Miller, Arthur;
The Crucible: A Play in Four Acts
Penguin, 1968, 128 pages
ISBN 0140480781, 9780140480788
topics: | drama
Miller's scripts are very detailed.
The common room Proctor's house, eight days later. At the right is a door opening on the fields outside. A fireplace is at the left, and behind it a stairway leading upstairs. It is the low, dark, and rather long living-room of the time. As the curtain rises, the room is empty. From above, ELIZABETH is heard softly singing to the children. Presently the door opens and JOHN PROCTOR enters, carrying his gun. He glances about the room as he comes toward the fireplace, then halts for an instant as he hears her singing. He continues on to the fireplace, leans the gun against the wall as he swings a pot out of the fire and smells it. Then he lifts out the ladle and tastes. He is not quire pleased. He reaches to a cupboard, takes a pinch of salt, and drops it into the pot. As he is tasting again, her footsteps are heard on the stair. He swings the pot into the fireplace and goes to a basin and washes his hands and face.
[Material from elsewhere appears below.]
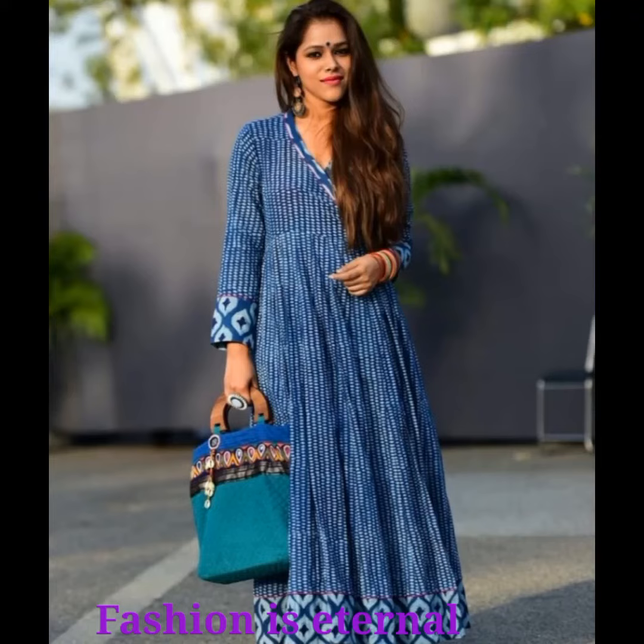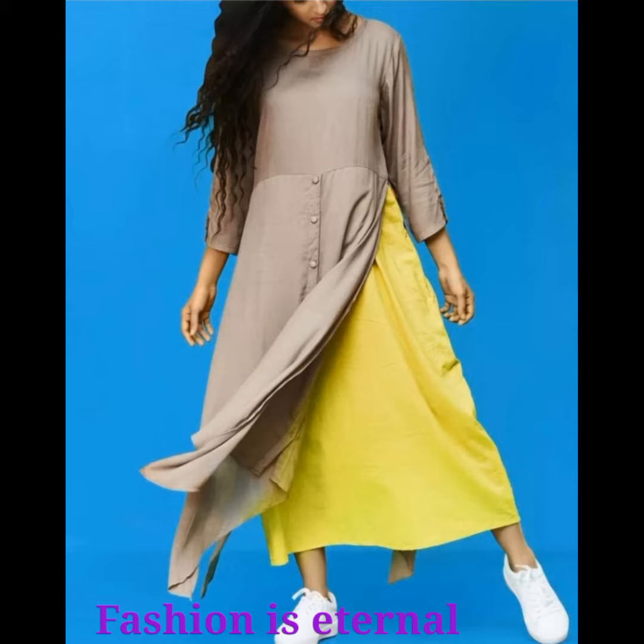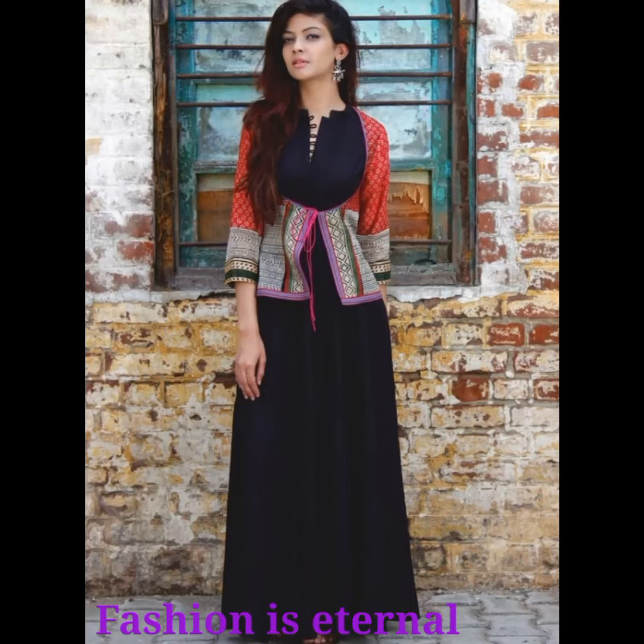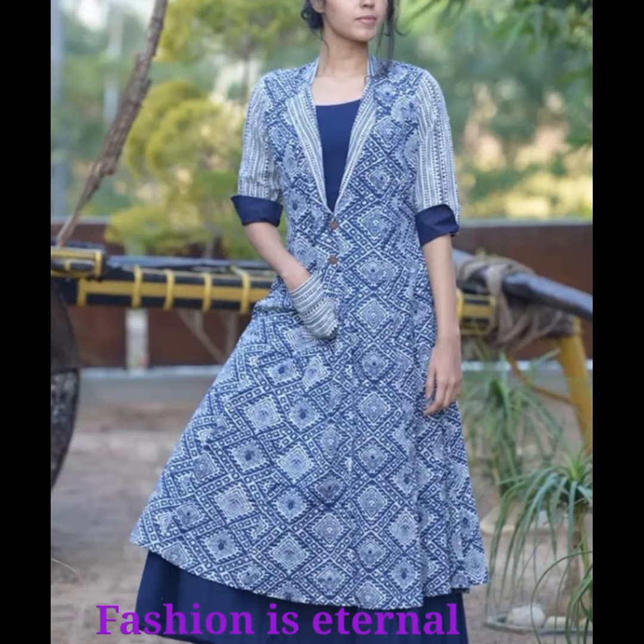Hello guys, welcome to my channel Fashion is a Tenor. Today I am talking about long kurtis. These long kurtis have been considered as the safe way to hide those extra flaps without compromising on the style quotient, even by a single inch. If you want to become stylish and look royal, definitely this is the best choice for us.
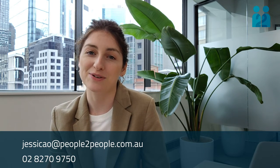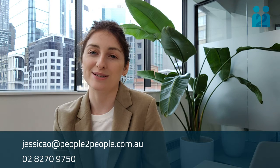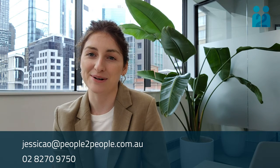Those are my three quick tips for improving your resume. Thanks for watching. If you are looking for work in the legal support space then reach out on 02-8270-9750.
ELIZABETH enters.
The vestry room of the salem meeting house, now serving as the anteroom of the General Court. As the curtain rises, the rom is empty, but for sunlight pouring through two high windows in the back wall. The room is solemn, even forbidding. Heavy beams just out, boards of random widths make up the walls. At the right are two doors leading into the meeting house proper, where the court is being held. At the left another door leads outside. There is a plain bench at the right we hear a prosecutor's voice, JUDGE HATHORNE'S asking a question; then a woman's voice, MARTHA COREY'S replying.